EXERCISE MATERIALS>
● ● ●
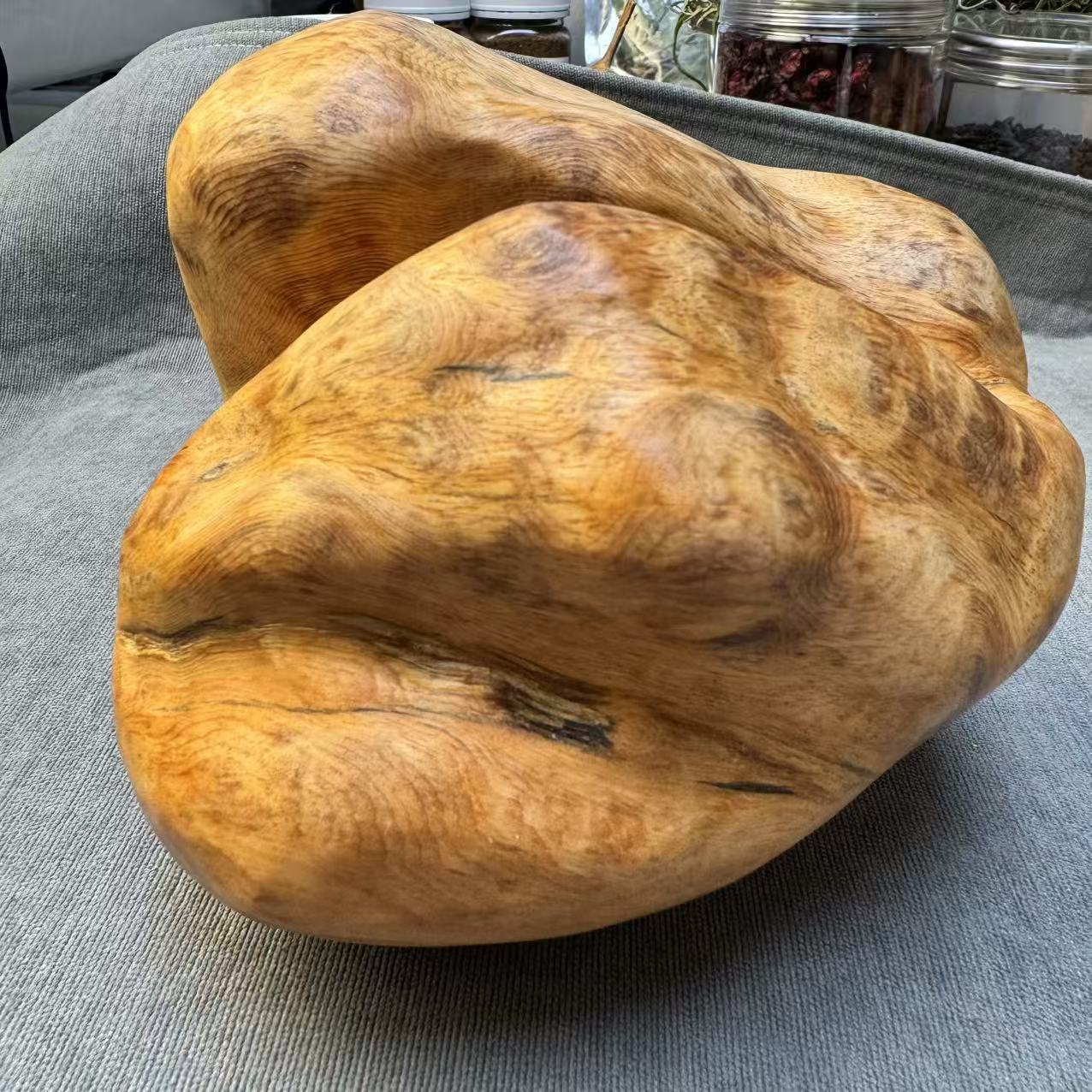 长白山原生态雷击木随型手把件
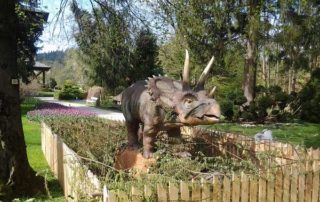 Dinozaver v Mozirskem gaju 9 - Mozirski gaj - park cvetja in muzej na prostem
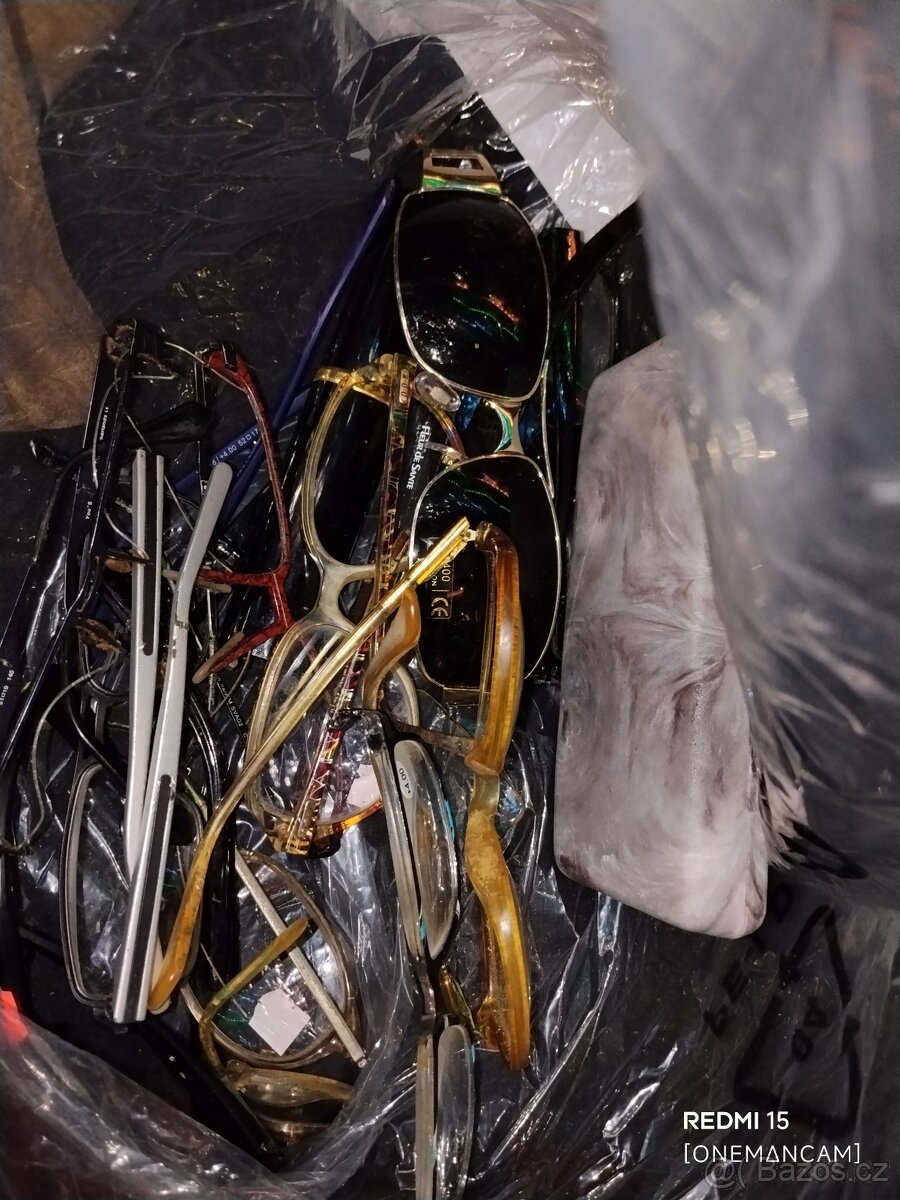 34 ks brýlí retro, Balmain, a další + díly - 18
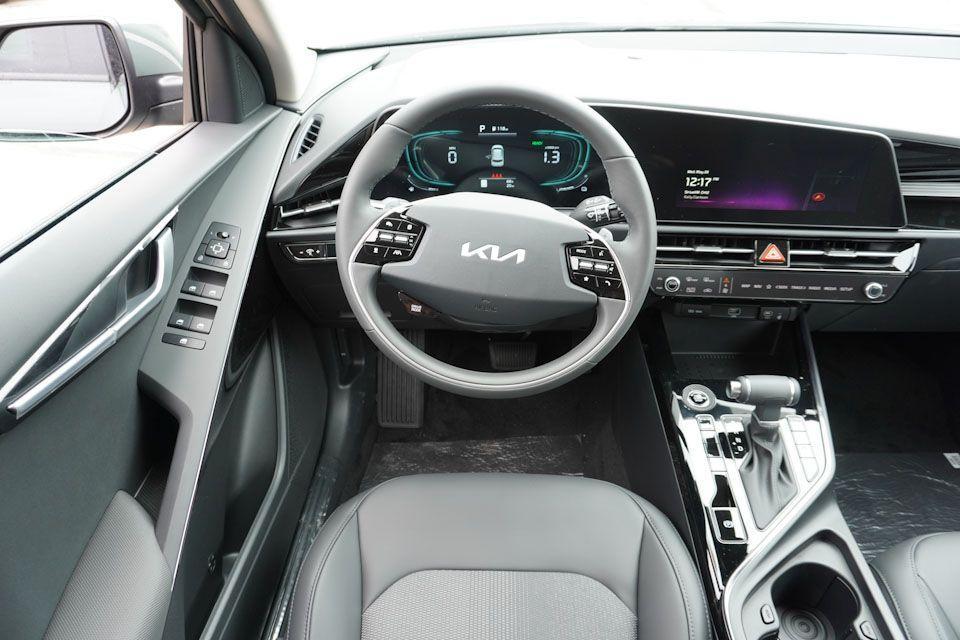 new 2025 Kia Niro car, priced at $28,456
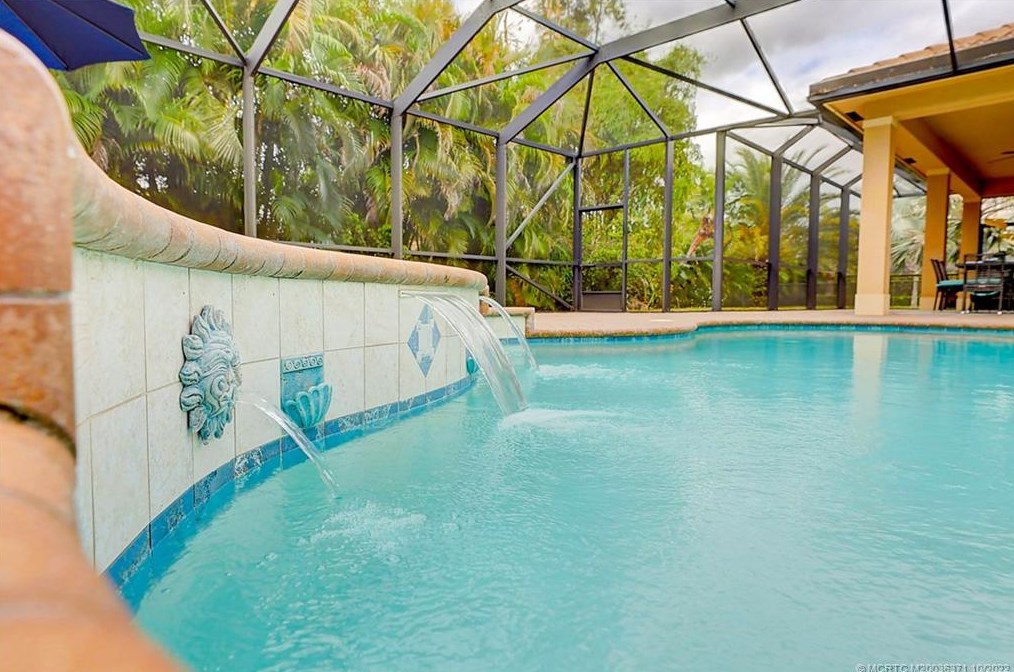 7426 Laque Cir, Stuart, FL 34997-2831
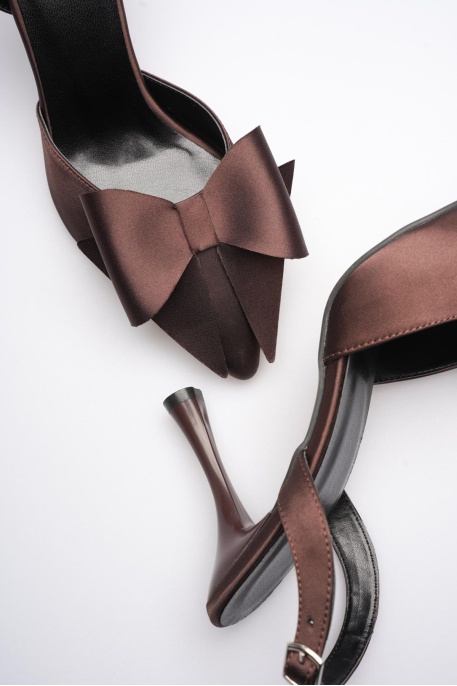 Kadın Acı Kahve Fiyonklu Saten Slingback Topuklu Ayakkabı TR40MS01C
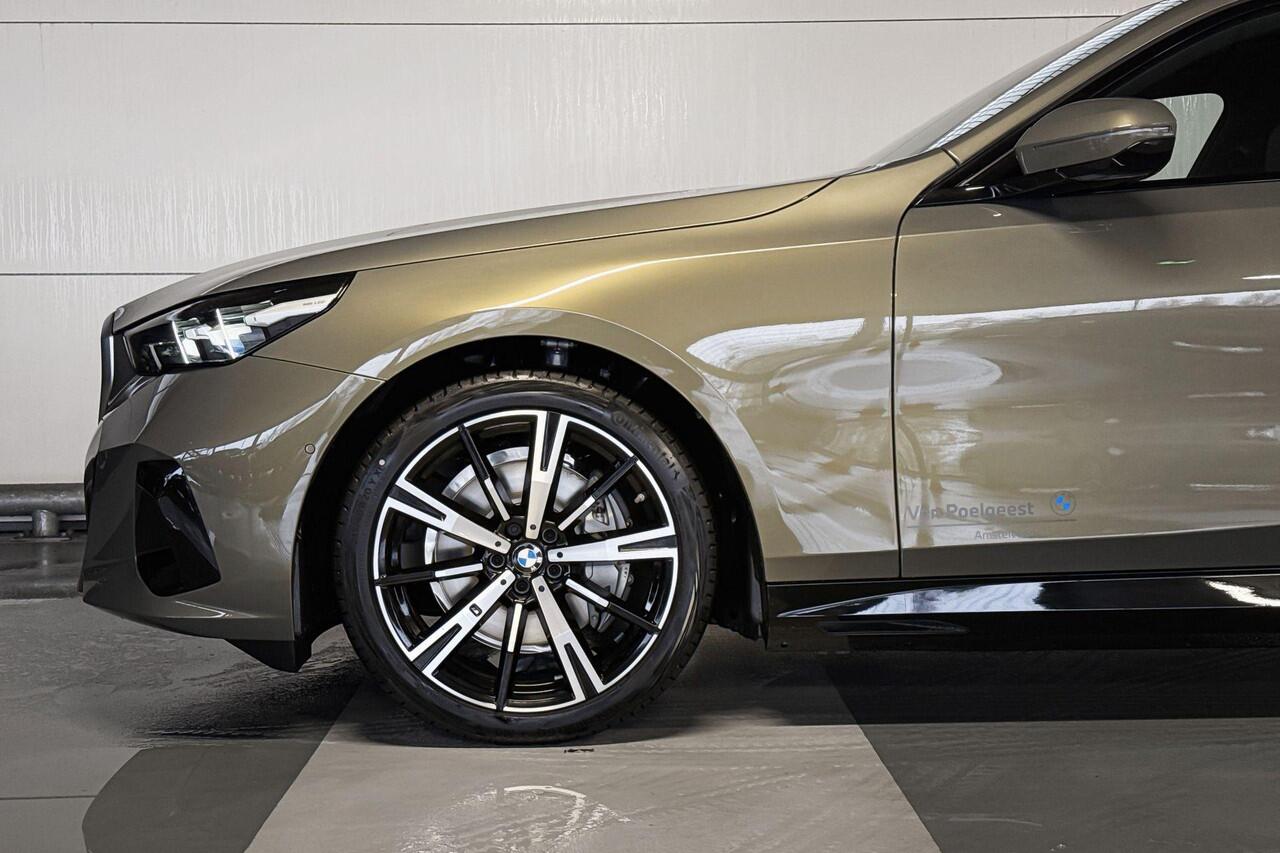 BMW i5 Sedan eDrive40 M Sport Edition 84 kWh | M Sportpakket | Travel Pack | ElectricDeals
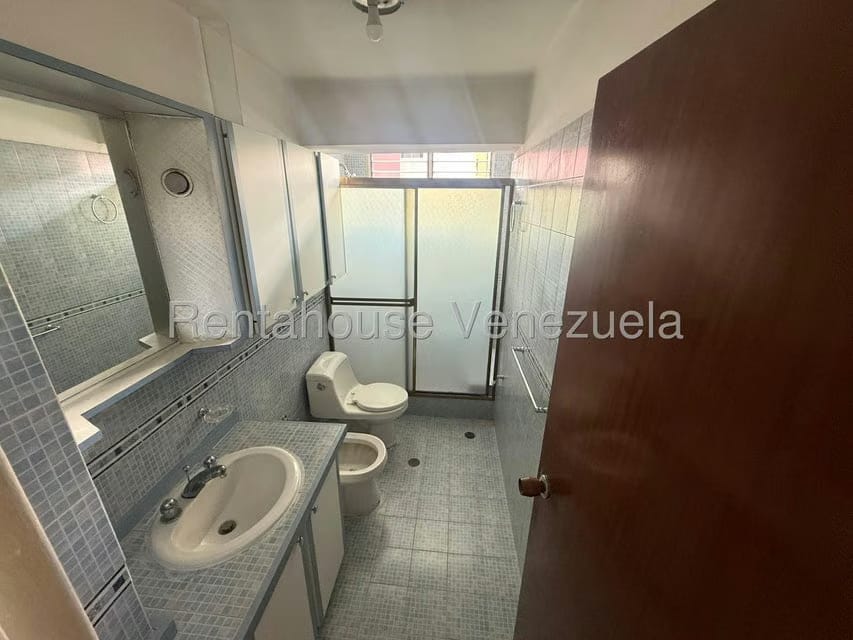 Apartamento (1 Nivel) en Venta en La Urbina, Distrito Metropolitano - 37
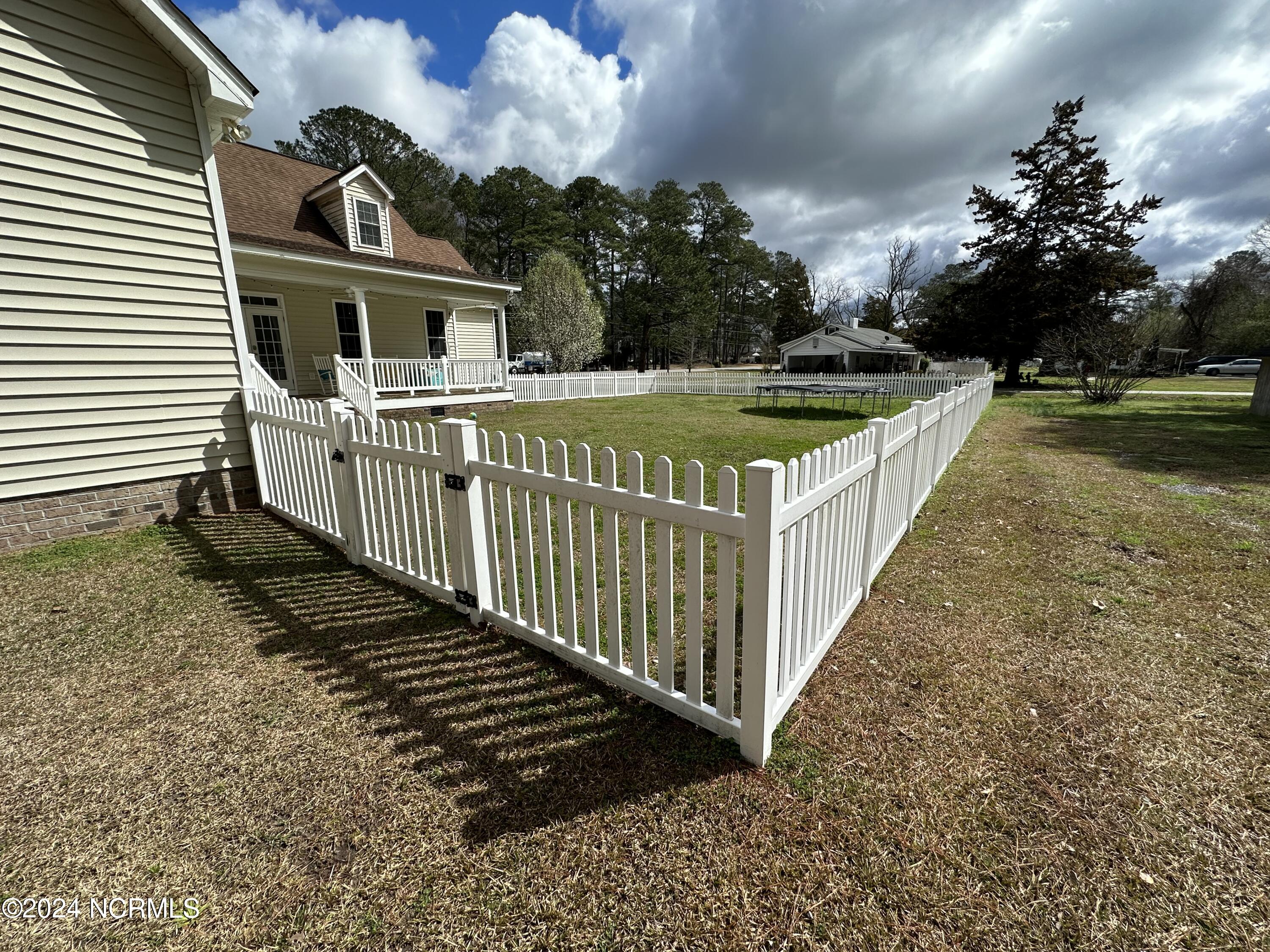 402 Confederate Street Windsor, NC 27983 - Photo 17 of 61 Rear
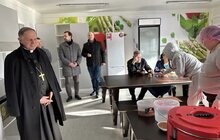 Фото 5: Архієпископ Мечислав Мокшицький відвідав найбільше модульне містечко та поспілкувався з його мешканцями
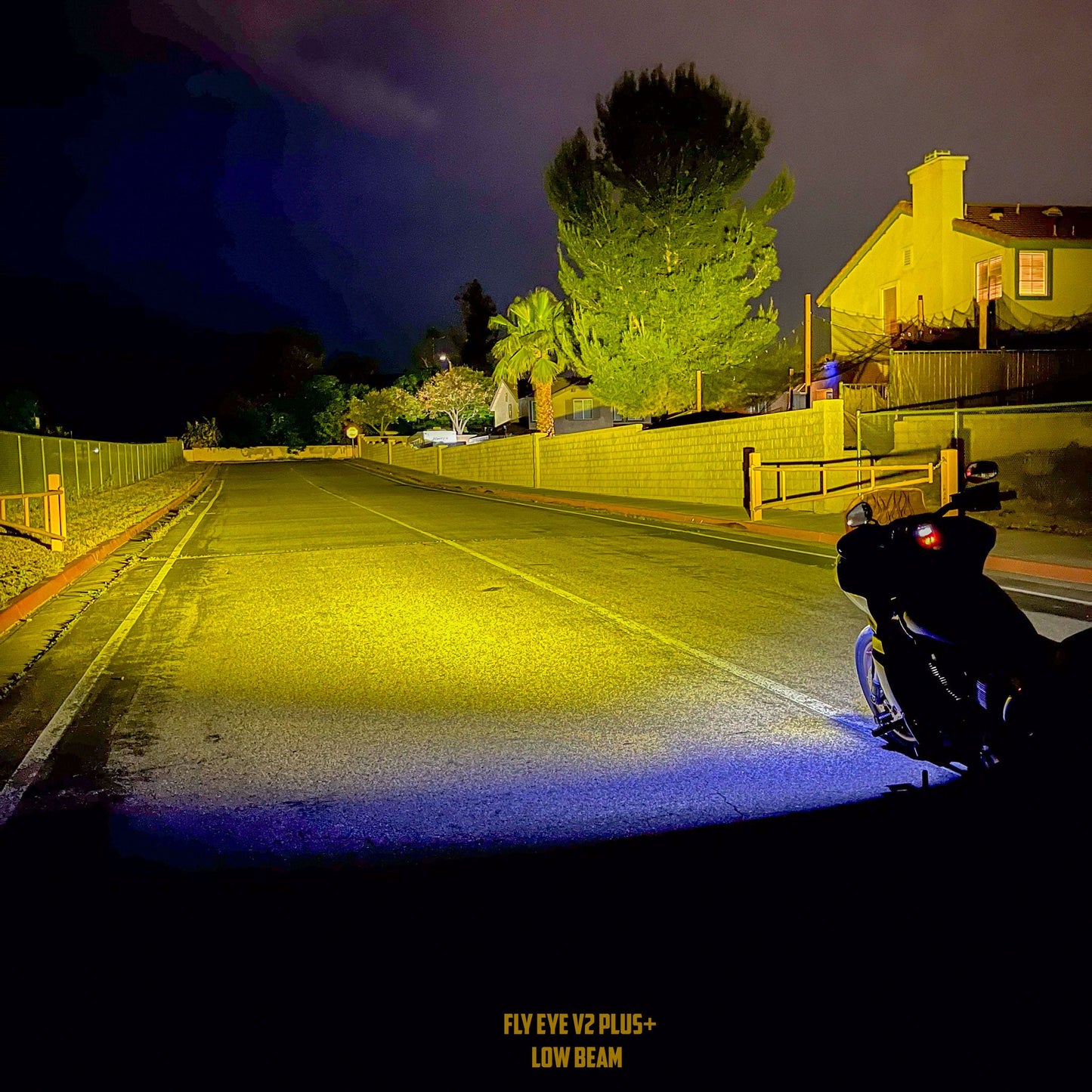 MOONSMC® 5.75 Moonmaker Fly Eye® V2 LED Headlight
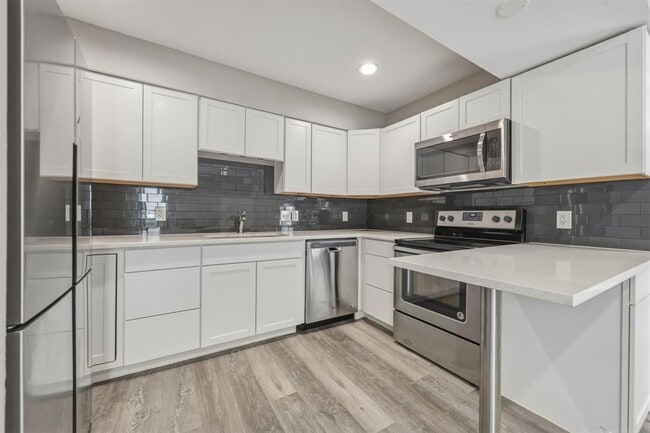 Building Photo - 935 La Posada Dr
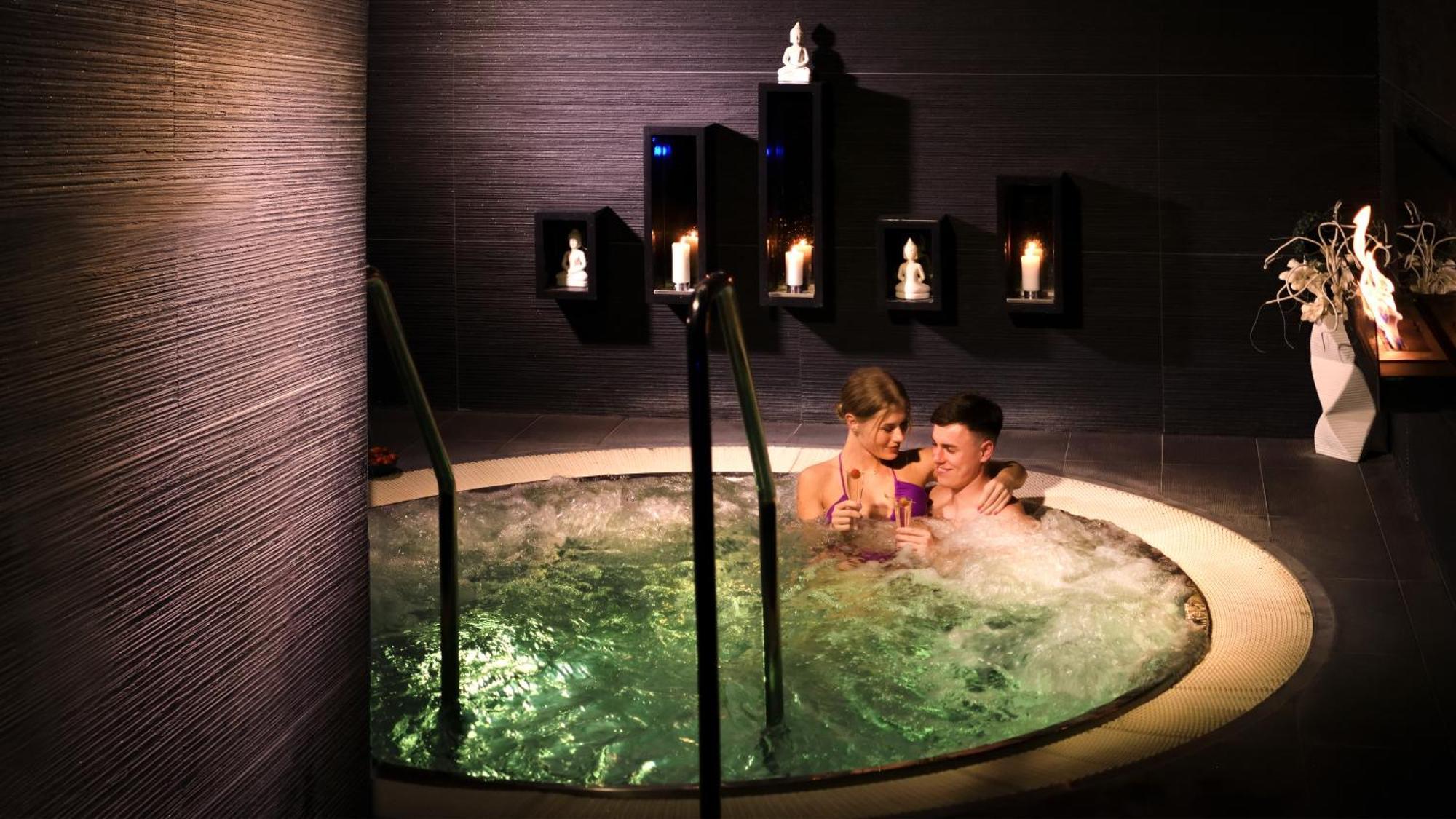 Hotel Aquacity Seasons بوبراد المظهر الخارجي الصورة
● ● ●
Exact copy, no pictures: reproduce every entry shown above.

EXERCISE RESULT>
 长白山原生态雷击木随型手把件
 Dinozaver v Mozirskem gaju 9 - Mozirski gaj - park cvetja in muzej na prostem
 34 ks brýlí retro, Balmain, a další + díly - 18
 new 2025 Kia Niro car, priced at $28,456
 7426 Laque Cir, Stuart, FL 34997-2831
 Kadın Acı Kahve Fiyonklu Saten Slingback Topuklu Ayakkabı TR40MS01C
 BMW i5 Sedan eDrive40 M Sport Edition 84 kWh | M Sportpakket | Travel Pack | ElectricDeals
 Apartamento (1 Nivel) en Venta en La Urbina, Distrito Metropolitano - 37
 402 Confederate Street Windsor, NC 27983 - Photo 17 of 61 Rear
 Фото 5: Архієпископ Мечислав Мокшицький відвідав найбільше модульне містечко та поспілкувався з його мешканцями
 MOONSMC® 5.75 Moonmaker Fly Eye® V2 LED Headlight
 Building Photo - 935 La Posada Dr
 Hotel Aquacity Seasons بوبراد المظهر الخارجي الصورة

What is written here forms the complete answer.